Zaten yırtık pırtık bir hayalim vardı; bir cüce olarak ben, devler dünyasında, canavarların kuşattığı şatoda bulunan prensesi kurtaracaktım. Yola çıktım tahtadan kılıcım bir de ‘süpürge’ adında atım var. Zırhımı kuşandım.
Zamanımı Kim Üttü
‘’Bak bak havada kuş var’’ deyip zamanımı kim üttüyse rica ediyorum, lütfen hemen, elma desem çıksın, armut desem çıkmasın. Elma, elma eeee elma. Yoksa mızıkçılık yapıp oyundan çıkarım ha. Zaten yırtık pırtık bir hayalim vardı; bir cüce olarak ben, devler dünyasında, canavarların kuşattığı şatoda bulunan prensesi kurtaracaktım. Yola çıktım tahtadan kılıcım bir de ‘süpürge’ adında atım var. Zırhımı kuşandım.

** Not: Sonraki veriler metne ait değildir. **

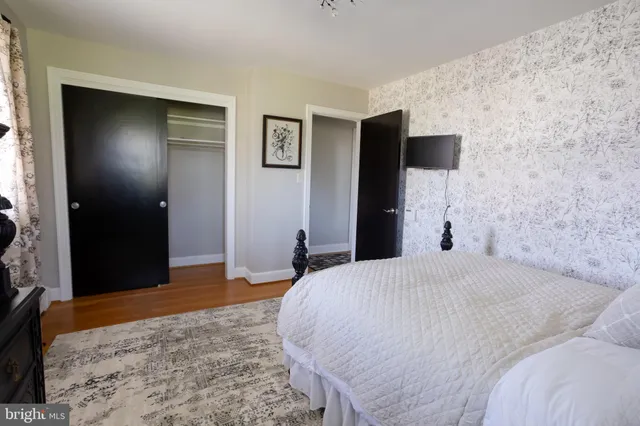 a bedroom with a bed and a television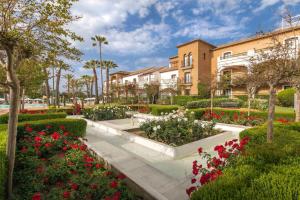 a garden in front of a building with flowers at Barceló Isla Canela in Isla Canela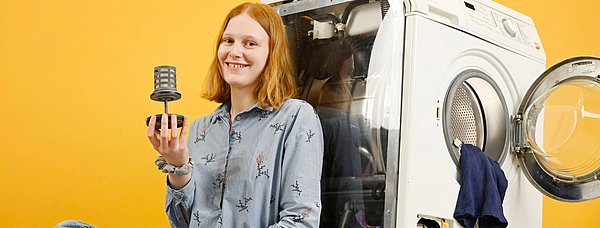 Junge Frau sitzt vor einer Waschmaschine und hält ein Bauteil, orangefarbener Hintergrund, lächelt in die Kamera.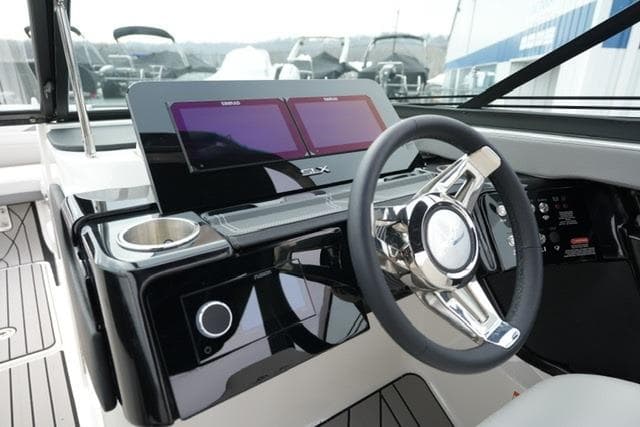 2026 Sea Ray SLX 260 boat dashboard with modern steering wheel and dual screens.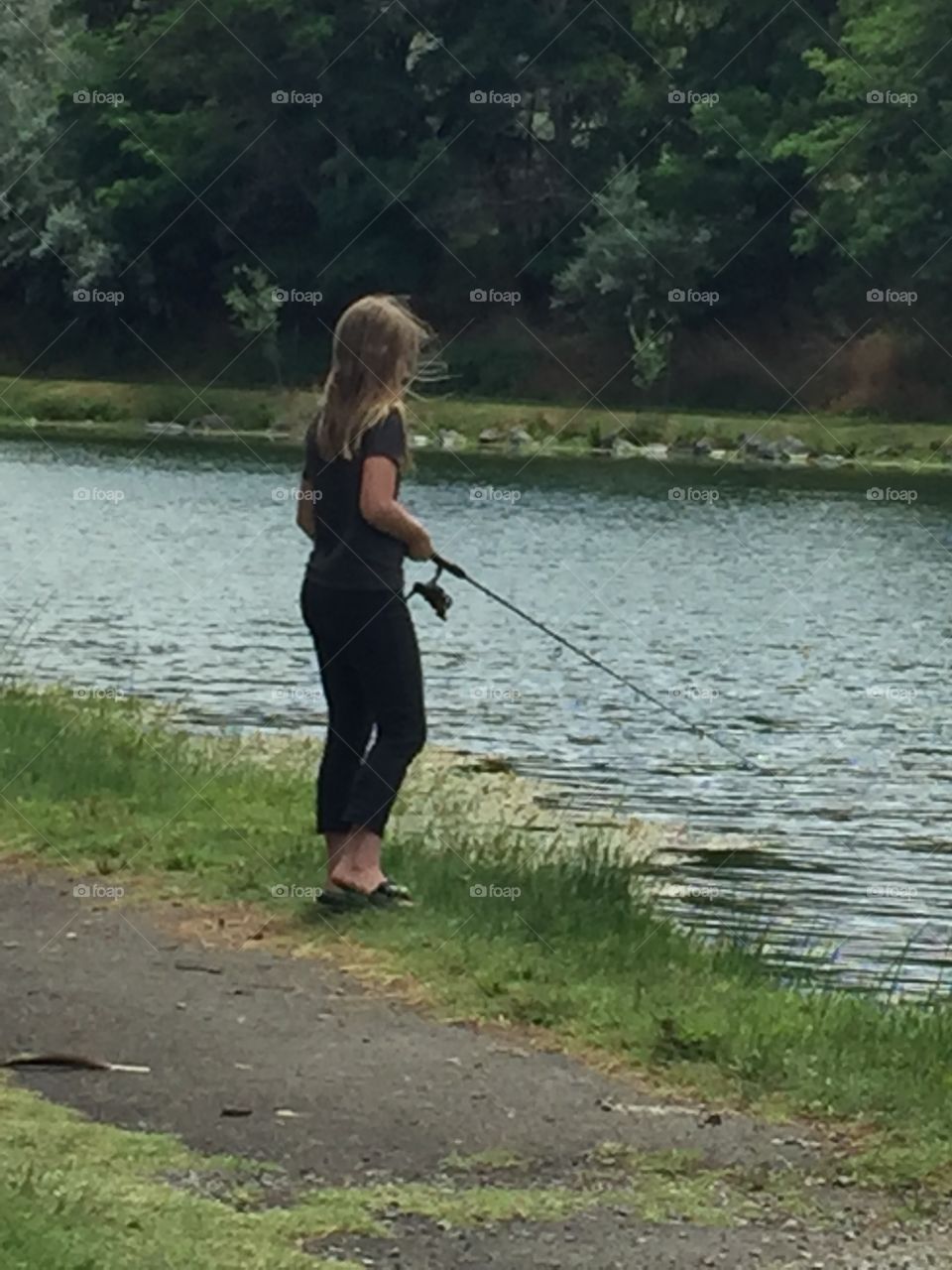 Blond haired girl fishing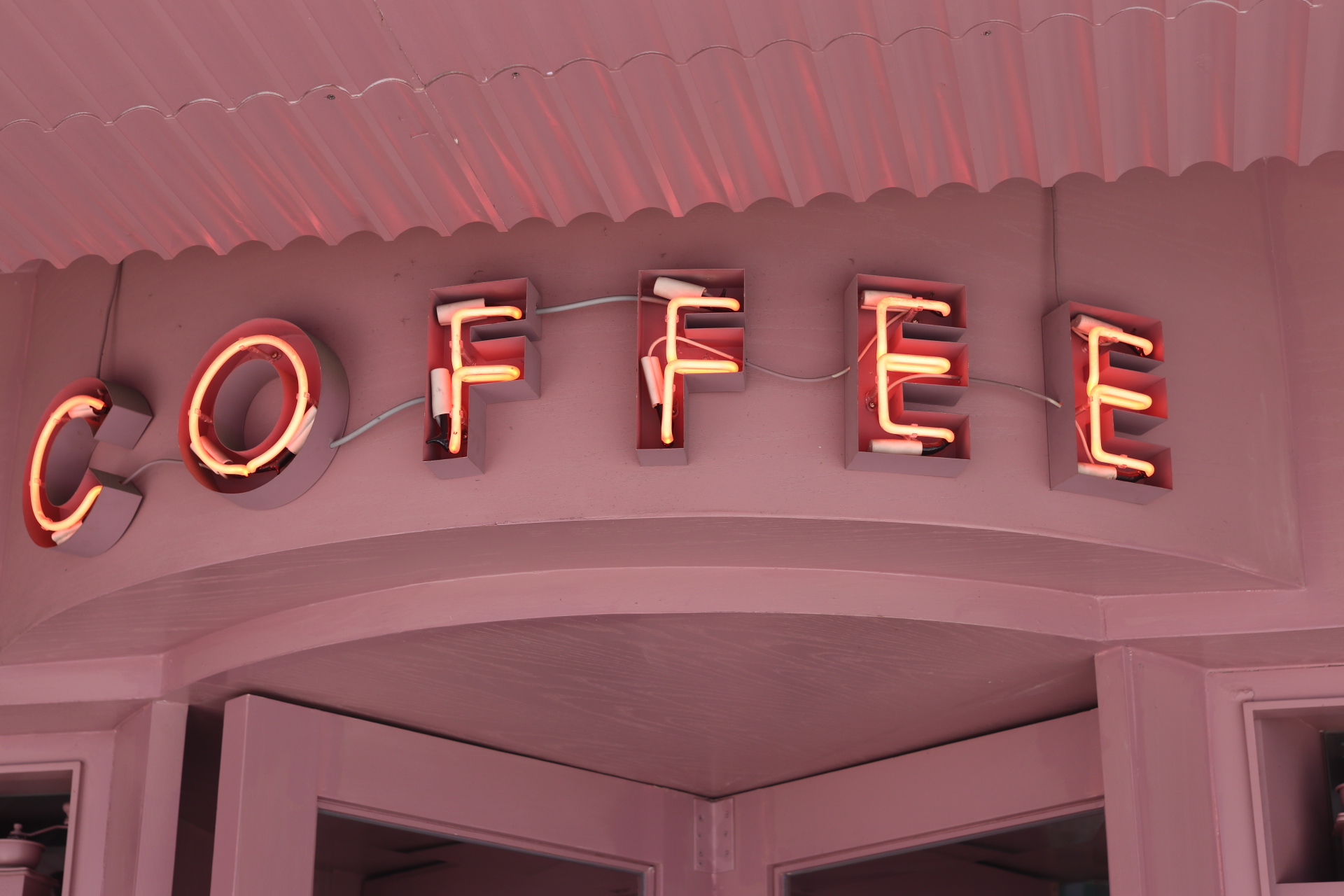 Neon COFFEE sign glowing above a pink scalloped awning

Az gittim uz gittim. Dere tepe düz gittim. Bir baktım arkama bir arpa yol gitmişim. Yoruldum diye mola verdim evin avlusunda. Avluda kılıcımla önce karşıma çıkan devlerle savaşıyorum. Canlarını bağışlamam kaydıyla bana dört tane altın veriyorlar. Tamam, serbestsiniz dondurma parasını çıkardım diyorum. İki kişiydiler birsinin adı baba, diğerininki abi. Yola çıkıyorum serbest bıraktıklarım ‘dikkat et’ diyorlar, ben dörtnala koşturuyorum atımı. Ama yolda kendimi bilye oynayan çocuklara kaptırıyorum. Bütün zırhlarımı bilye karşılığında değiştiriyorum. Oyun ne kadar da güzelmiş. Oyunun cazibesinden alamıyorum kendimi, unutuyorum prensesin güzelliğini.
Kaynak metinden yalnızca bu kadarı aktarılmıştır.